La question demeure quand même. Pourquoi ne pas avoir gardé l’ancien système, avec uun ajout des pouvoirs psy ? Ou alors faire une mise à jour optionnelle des règles ?
En effet, la sensation de jeu est très proche, et on aimerait pouvoir faire s’affronter Thousand Sons et Ultramarines, World Bearers et Space Wolves.

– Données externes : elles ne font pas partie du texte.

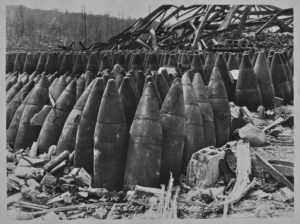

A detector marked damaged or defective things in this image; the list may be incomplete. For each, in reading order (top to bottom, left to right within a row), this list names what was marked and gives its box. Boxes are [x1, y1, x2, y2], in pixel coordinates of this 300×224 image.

wrecked roof structure [84, 4, 292, 50]
rusted shell casing [6, 81, 34, 129]
rusted shell casing [13, 76, 49, 150]
rusted shell casing [37, 79, 77, 155]
rusted shell casing [55, 79, 94, 155]
rusted shell casing [74, 78, 105, 174]
rusted shell casing [94, 79, 126, 190]
rusted shell casing [123, 82, 163, 189]
rusted shell casing [159, 78, 185, 185]
rusted shell casing [182, 72, 205, 174]
rusted shell casing [192, 72, 216, 148]
rusted shell casing [207, 66, 231, 149]
rusted shell casing [236, 53, 262, 111]
rusted shell casing [254, 51, 276, 109]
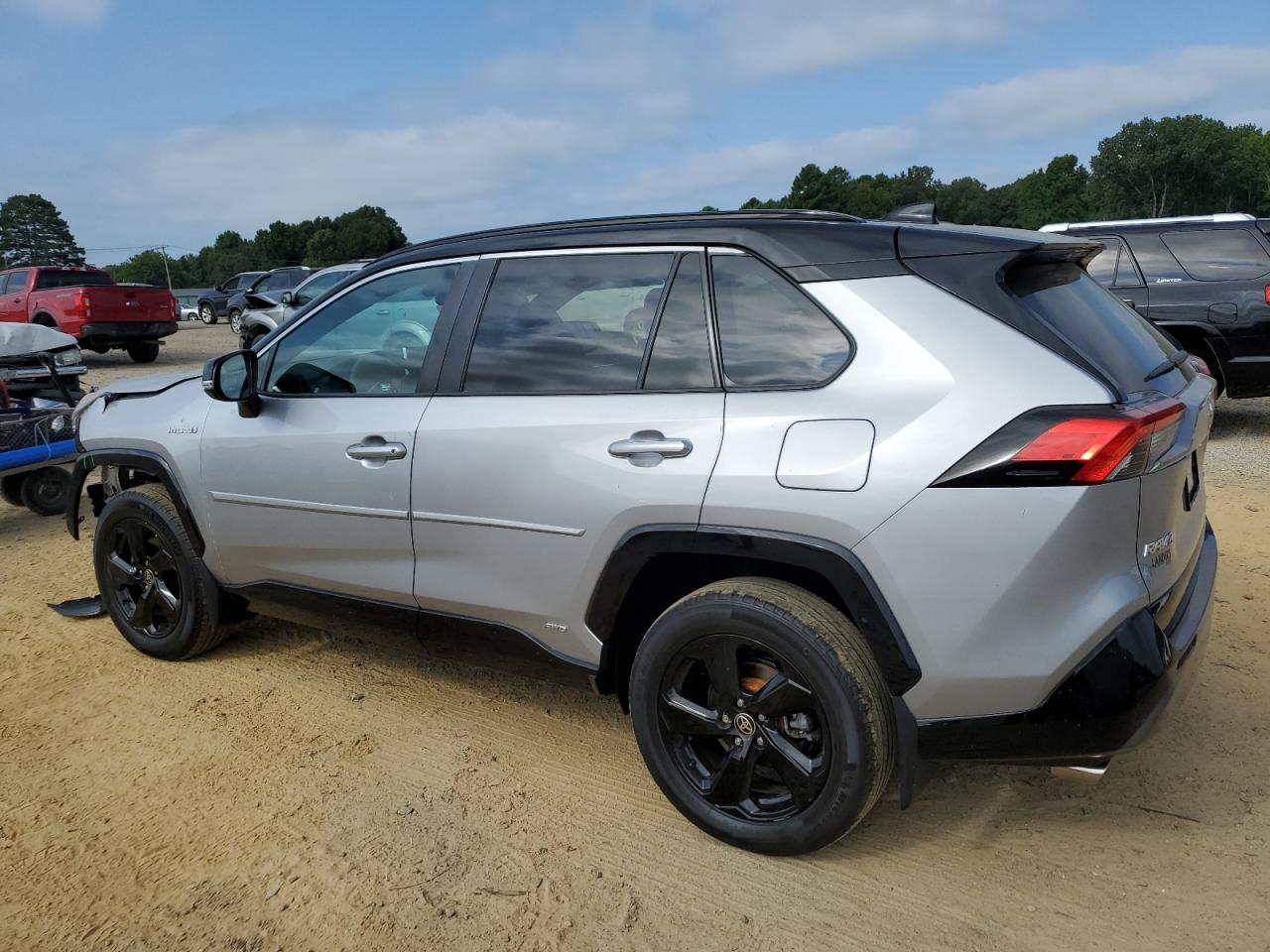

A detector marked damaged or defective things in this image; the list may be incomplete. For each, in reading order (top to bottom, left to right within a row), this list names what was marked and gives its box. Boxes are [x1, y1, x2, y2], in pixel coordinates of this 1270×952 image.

damaged vehicle [64, 214, 1214, 857]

Une réponse est donnée dans le prochain White Dwarf, qui est que les règles qui permettent d’intégrer les figurines d’un jeu dans l’autre seront donné dans des suppléments. Dans ce cas, on a tout à y gagner. Deux systèmes de jeux, avec des figurines compatibles dans les deux. Il se trouve que dans le prochain White Dwarf, des règles additionnelles vous permettent de jouer le Comtemptor dans Burning of Prospero. De plus, les règles pour jouer les soeurs de silences et les Custodes sont aussi disponibles sur le site de Games Workshop.
Il faut donc croire que Games Workshop aime multiplier les systèmes de jeu, tout en permettant aux différentes figurines d’être compatibles avec le maximum de systèmes.

Les Figurines

Je passerai assez vite dessus, étant donné que les figurines sont TROP BELLES !!!!! Ayant une armée pléthorique de Thousand Sons et étant fan d’Ahriman, vous pensez bien que j’étais en pamoison devant les figurines… D’autant plus que je rêve de monter une gigantesque partie où les Thousands attaquent la Bibliothèque Interdite, protégée par Eldrad et les Harlequins. Vus les dernières sorties, mes deux armées ont reçu tous les renforts nécessaires…

Conclusion

Des figurines exceptionnelles, la possibilité de rejouer les batailles de l’Hérésie d’Horus, un système simple et efficace, il ya de quoi faire rêver tout joueur et peintre passionné ! On attend tout de même avec impatience le les suppléments permettant de jouer les deux jeux de l’Hérésie ensemble, ainsi que des extensions donnant une durée de vie plus grande au jeu.